We were looked after by Frankie, our nurse, and Davey, our cook.  Sunday mornings always meant homemade pecan rolls.  Saturday lunches were packed with homemade brownies, making all the other gangsters jealous!

After dinners, all the kids would meet up at the beach where we'd play Red light, Green light; Mother May I?; Simon Says, and our favorite, Kick the Can.  We'd all stay at the beach until the 9:30 curfew rang, and then it was home to bed.

Capture the Flag was the favorite game of Gang.  And the nighttime version, Commandos.

Thursday evenings and Sundays were the days off for our caretakers.  That meant we could walk to King's Burgers to get our dinner.  We'd also all walk to the movies.  We'd have Jefs at the drugstore soda fountain, loved Mr. Misty's and Dilly Bars at the DQ, and of course ate lots of Murdick's fudge.
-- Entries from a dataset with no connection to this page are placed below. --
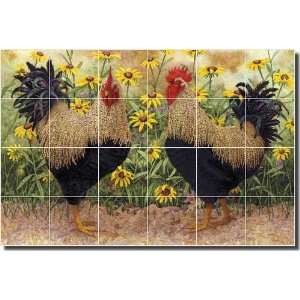Peck and Wadsworth by Marcia Matcham   Roosters Ceramic Tile Mural 25 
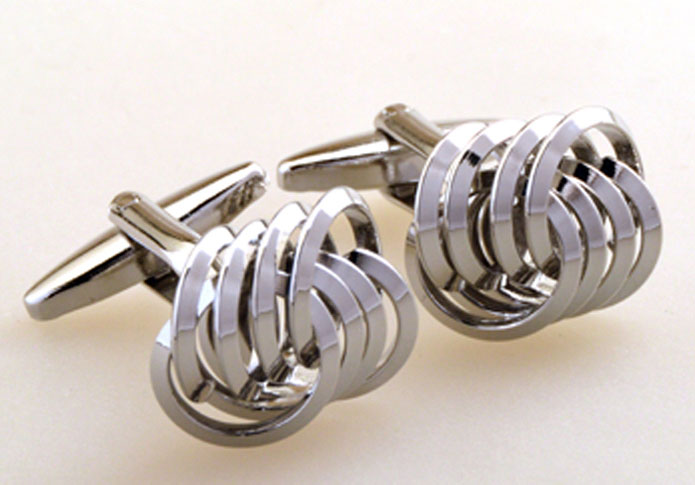 Silver Texture Cufflinks Metal Cufflinks Knot Wholesale & Customized CL655195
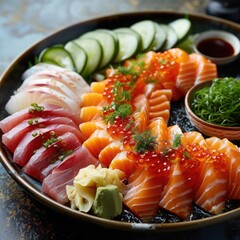 a platter of fresh sashimi, presented in the most colorful arrangement.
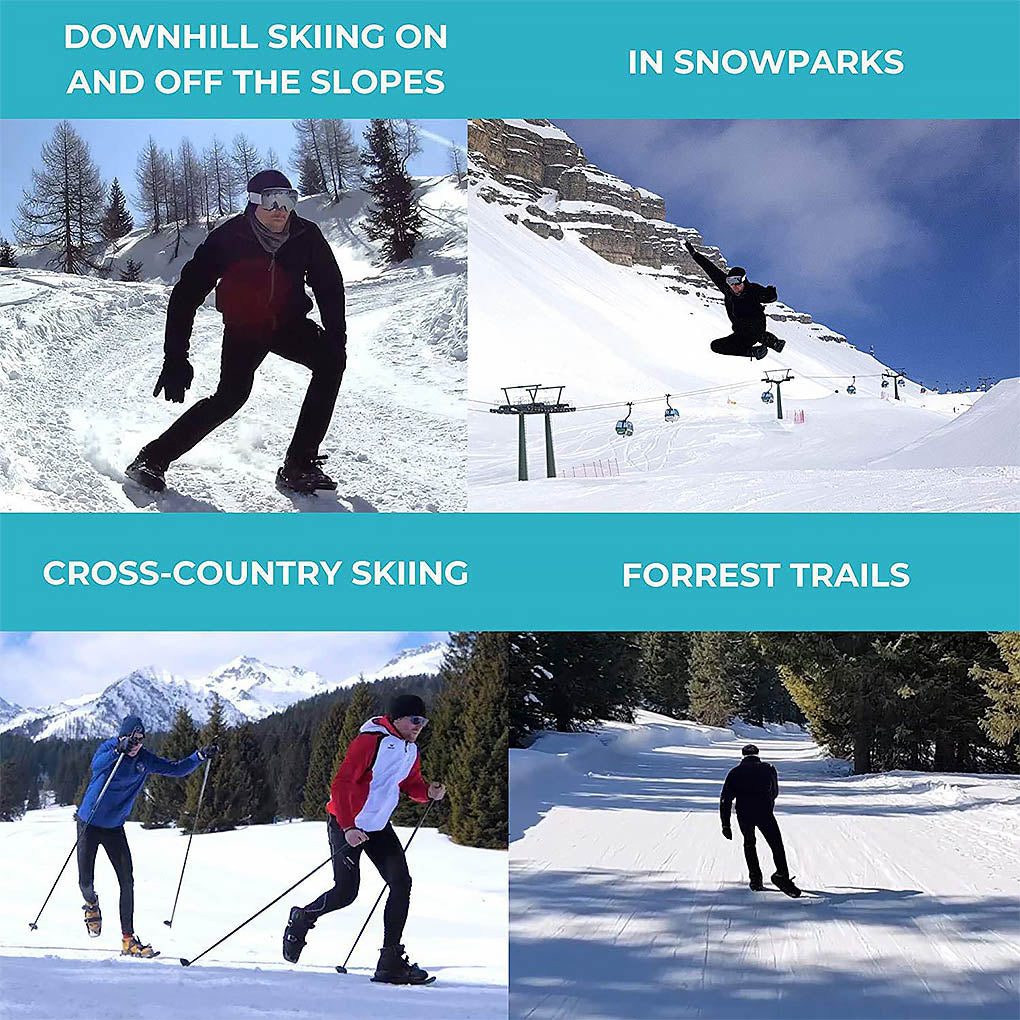 Verstelbare Mini Ski Schoenen voor Sneeuwsporten Winter - Maat 37-45 - Met Achterrem - Zwart - Unisex | Sulvida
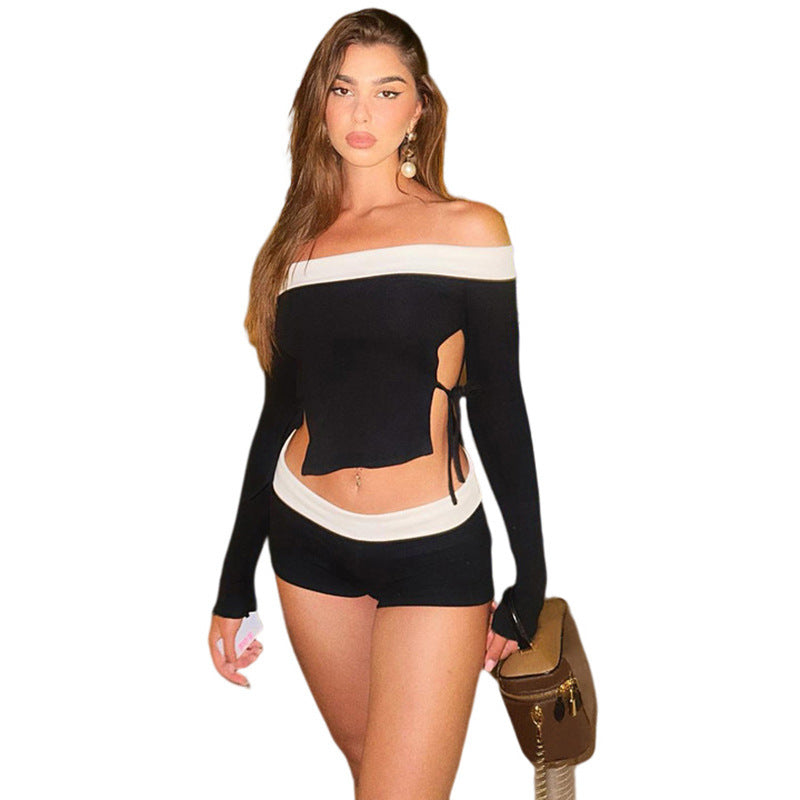 Contrast Color Off-neck Strap T-shirt Shorts Set Product information: Color: Black Pants length: Shorts Size: S,M,L Popular elements: shoulder strap Main fabric composition: Polyester (polyester fiber) Applicable Gender: Female Sleeve length: long sleeve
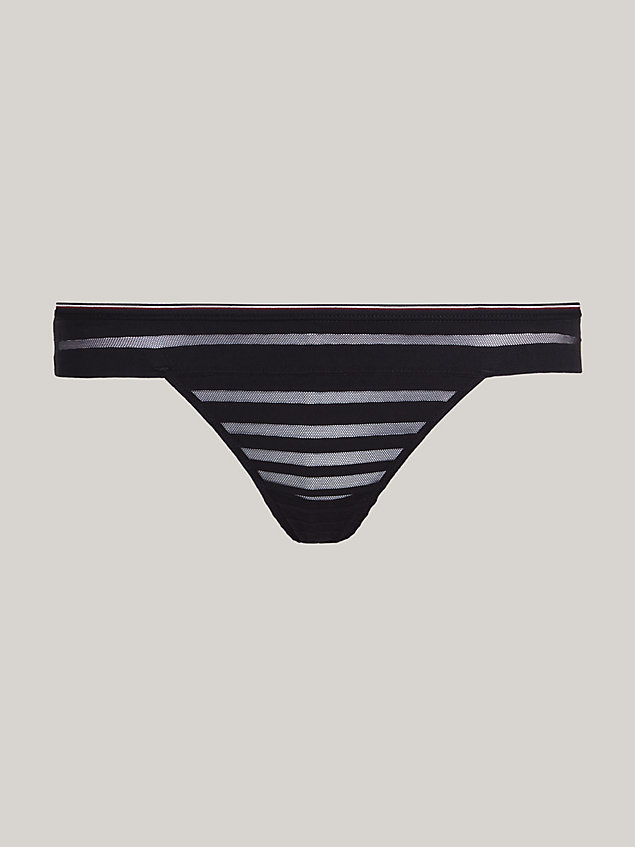 string global stripe en dentelle black pour femmes tommy hilfiger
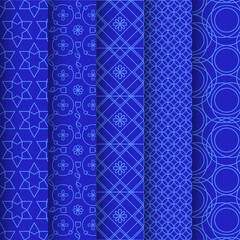 Poster - Set of chinese pattern. Modern background design. Vector template set. Vintage abstract seamless chinese traditional pattern. Endless texture for wallpaper, pattern fills, web page, surface textures.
Gang was divided into Little Gang, Intermediate, Girl's Gang and Boy's Gang.  Lydia and Myron Sherer, Janet Kuhn and Darcy Mudd, Chris and Ginger Payne (yes they were gang leaders together) were my Girl's Gang Leaders.  Ann Flanigan, Sara Meyers, Connie and Margie Bisbee, Lucy McDonald, Sally Schade and Jayney Ware were my contemporaries.  Cousins Adele and Irene Orgill, Kate Orr, and my brothers Bobby and Leslie were my crew.

This is the beauty of the Belvedere.  My children were lucky enough to grow up experiencing my summers, and now my grandchildren are continuing the tradition, with so many of my friends’ grandchildren.  Life goes on,  but the Belvedere is our constant.